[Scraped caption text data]
- - -
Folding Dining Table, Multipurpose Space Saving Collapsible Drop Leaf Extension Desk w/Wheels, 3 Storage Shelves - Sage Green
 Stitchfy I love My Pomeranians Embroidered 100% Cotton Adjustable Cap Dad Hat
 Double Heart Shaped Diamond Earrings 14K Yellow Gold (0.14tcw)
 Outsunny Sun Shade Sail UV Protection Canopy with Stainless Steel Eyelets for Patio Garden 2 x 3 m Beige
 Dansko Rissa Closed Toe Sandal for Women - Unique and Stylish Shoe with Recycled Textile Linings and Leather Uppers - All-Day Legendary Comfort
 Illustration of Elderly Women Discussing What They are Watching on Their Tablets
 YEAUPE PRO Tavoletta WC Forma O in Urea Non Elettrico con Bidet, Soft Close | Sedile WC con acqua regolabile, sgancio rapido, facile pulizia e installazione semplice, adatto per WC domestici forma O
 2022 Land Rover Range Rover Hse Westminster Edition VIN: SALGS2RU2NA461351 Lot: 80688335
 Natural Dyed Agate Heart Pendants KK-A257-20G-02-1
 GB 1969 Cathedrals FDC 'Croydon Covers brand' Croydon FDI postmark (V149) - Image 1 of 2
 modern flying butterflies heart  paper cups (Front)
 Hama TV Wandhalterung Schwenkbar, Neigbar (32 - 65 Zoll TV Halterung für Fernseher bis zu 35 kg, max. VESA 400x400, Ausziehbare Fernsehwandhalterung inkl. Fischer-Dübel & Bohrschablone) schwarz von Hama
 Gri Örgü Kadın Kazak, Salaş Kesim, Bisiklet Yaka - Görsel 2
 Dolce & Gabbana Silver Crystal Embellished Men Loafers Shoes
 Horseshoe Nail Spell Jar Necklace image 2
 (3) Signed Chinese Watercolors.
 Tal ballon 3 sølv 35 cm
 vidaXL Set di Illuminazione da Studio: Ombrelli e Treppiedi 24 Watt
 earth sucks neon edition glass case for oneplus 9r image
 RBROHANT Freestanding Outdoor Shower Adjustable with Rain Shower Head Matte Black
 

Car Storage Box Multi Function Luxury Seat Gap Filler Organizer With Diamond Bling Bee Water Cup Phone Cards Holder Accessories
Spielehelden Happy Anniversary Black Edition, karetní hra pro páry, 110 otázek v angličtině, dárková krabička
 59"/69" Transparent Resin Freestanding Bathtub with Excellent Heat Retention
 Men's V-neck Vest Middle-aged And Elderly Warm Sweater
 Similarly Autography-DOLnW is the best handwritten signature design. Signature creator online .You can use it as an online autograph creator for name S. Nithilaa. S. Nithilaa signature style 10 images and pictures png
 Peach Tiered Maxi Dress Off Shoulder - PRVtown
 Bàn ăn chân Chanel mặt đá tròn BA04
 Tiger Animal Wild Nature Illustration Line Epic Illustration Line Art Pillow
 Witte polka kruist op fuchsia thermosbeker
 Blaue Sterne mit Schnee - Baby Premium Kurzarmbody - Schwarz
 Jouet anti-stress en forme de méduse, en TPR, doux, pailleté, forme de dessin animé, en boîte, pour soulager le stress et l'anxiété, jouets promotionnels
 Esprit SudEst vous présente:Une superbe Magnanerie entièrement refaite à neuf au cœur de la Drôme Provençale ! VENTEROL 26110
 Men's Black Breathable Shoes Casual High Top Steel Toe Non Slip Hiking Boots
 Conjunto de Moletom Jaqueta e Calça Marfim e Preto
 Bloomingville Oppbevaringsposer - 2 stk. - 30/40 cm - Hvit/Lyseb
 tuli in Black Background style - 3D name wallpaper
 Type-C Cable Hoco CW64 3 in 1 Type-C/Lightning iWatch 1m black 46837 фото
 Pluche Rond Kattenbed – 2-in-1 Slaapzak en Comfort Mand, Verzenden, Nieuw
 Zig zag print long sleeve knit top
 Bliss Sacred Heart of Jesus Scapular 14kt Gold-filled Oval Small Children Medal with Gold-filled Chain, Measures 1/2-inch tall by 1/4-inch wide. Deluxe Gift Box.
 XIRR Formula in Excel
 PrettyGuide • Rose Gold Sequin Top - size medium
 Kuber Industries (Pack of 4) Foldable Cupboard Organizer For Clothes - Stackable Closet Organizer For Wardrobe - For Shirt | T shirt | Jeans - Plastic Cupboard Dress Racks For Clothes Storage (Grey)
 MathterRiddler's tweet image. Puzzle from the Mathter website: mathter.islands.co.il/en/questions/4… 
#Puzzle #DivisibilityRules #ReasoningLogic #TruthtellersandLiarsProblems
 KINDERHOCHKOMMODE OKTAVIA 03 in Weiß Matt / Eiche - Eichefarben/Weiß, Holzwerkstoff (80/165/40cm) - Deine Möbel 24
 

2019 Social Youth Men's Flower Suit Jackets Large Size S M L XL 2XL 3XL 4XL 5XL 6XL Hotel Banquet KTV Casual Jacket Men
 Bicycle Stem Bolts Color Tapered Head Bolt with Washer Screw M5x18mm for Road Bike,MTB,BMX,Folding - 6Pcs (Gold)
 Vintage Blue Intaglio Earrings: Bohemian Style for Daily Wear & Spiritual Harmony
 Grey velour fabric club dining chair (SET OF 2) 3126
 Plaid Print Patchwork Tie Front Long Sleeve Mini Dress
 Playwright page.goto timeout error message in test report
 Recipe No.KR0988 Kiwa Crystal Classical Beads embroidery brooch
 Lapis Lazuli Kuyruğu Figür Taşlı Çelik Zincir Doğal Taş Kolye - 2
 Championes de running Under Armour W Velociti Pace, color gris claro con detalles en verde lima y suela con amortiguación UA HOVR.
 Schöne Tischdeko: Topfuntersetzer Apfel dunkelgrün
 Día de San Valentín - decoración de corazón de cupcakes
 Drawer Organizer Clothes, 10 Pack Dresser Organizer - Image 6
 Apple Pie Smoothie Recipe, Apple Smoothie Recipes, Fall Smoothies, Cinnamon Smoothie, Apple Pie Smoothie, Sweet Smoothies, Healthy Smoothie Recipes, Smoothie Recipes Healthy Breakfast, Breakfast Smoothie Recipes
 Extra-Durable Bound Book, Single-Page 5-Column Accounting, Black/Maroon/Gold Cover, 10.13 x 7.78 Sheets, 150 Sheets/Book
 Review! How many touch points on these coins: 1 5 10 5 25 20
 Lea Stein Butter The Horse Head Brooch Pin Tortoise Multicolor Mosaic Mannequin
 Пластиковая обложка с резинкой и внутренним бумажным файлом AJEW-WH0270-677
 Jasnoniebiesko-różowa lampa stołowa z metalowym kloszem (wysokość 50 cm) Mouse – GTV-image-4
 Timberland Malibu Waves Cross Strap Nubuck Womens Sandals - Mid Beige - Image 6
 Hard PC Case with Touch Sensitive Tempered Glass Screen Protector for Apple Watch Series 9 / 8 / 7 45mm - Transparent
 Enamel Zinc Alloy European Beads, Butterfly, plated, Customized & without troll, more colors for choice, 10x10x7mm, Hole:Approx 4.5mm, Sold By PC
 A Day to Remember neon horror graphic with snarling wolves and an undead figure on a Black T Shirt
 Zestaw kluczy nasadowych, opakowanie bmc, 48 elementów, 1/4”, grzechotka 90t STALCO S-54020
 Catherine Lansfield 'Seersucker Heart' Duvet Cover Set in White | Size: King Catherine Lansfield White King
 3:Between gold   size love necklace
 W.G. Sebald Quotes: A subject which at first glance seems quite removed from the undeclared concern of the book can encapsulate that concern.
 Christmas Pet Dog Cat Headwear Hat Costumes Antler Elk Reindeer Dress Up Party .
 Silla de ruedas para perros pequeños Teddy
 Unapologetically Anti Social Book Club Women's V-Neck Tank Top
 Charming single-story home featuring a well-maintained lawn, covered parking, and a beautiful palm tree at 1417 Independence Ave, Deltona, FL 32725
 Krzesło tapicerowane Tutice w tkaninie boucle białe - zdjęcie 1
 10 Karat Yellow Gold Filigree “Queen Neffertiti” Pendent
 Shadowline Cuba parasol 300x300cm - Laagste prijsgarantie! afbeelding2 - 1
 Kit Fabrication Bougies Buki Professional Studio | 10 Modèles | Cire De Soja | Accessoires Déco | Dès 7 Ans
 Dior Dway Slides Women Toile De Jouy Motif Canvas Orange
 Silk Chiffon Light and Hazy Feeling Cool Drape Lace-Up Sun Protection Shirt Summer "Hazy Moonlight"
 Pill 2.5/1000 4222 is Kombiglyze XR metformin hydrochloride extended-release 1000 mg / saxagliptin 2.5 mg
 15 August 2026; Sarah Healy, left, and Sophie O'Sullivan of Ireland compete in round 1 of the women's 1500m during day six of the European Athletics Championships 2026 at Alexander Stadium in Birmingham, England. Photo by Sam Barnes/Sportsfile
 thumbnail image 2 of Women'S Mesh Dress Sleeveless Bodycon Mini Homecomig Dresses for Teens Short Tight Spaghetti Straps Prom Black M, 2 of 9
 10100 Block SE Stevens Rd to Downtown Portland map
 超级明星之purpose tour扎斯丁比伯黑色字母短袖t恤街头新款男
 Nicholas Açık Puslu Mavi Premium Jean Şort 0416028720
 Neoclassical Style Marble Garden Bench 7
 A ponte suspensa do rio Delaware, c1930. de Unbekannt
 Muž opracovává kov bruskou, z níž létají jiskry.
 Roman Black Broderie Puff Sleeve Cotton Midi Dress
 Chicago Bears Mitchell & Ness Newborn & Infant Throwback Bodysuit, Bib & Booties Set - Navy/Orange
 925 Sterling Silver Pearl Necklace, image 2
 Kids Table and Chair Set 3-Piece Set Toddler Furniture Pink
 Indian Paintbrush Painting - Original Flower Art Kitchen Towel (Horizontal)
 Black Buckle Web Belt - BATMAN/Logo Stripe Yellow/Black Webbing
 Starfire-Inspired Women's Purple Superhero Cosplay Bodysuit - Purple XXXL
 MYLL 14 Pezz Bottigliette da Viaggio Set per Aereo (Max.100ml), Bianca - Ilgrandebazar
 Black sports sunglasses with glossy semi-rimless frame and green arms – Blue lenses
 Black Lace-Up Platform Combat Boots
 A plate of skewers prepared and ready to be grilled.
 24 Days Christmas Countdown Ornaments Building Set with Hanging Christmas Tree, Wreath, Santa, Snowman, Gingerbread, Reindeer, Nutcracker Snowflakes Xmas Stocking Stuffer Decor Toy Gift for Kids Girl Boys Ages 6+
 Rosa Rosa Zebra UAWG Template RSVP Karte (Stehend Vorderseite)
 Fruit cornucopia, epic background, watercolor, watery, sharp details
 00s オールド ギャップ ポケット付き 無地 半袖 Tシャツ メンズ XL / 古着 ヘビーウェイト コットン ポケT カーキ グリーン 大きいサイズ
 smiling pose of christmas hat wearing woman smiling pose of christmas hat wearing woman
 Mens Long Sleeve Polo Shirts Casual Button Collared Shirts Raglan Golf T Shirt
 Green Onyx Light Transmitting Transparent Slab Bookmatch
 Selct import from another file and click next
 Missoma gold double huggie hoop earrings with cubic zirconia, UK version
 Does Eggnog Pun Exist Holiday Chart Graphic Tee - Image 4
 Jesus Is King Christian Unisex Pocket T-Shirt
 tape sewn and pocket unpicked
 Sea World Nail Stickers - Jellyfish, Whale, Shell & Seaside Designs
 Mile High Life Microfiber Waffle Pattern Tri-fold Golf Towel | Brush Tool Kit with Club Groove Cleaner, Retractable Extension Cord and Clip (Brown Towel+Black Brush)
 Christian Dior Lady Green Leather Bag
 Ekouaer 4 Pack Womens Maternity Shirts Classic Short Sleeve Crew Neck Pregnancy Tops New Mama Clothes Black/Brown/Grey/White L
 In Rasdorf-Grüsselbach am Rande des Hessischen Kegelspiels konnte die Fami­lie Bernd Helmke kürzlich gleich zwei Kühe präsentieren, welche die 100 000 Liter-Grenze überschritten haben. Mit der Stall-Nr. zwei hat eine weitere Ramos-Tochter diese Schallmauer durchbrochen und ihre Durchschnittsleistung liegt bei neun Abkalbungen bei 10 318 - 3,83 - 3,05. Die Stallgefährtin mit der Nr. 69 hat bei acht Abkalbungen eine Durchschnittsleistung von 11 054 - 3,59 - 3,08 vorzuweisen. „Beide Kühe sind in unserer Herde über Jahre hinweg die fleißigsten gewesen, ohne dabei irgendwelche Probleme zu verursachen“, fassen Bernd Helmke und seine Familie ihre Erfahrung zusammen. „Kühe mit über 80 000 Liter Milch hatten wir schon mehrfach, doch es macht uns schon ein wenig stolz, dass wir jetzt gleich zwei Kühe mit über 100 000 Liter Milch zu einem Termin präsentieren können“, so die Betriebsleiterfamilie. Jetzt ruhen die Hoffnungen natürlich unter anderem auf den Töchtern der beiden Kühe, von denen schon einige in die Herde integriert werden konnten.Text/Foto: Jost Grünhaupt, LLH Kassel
- - -
Within the data above, the lines from the one with "Selct import from" to the one with "tape sewn and pocket unpicked" must be repeated exactly; no other line belongs in the answer.

 Selct import from another file and click next
 Missoma gold double huggie hoop earrings with cubic zirconia, UK version
 Does Eggnog Pun Exist Holiday Chart Graphic Tee - Image 4
 Jesus Is King Christian Unisex Pocket T-Shirt
 tape sewn and pocket unpicked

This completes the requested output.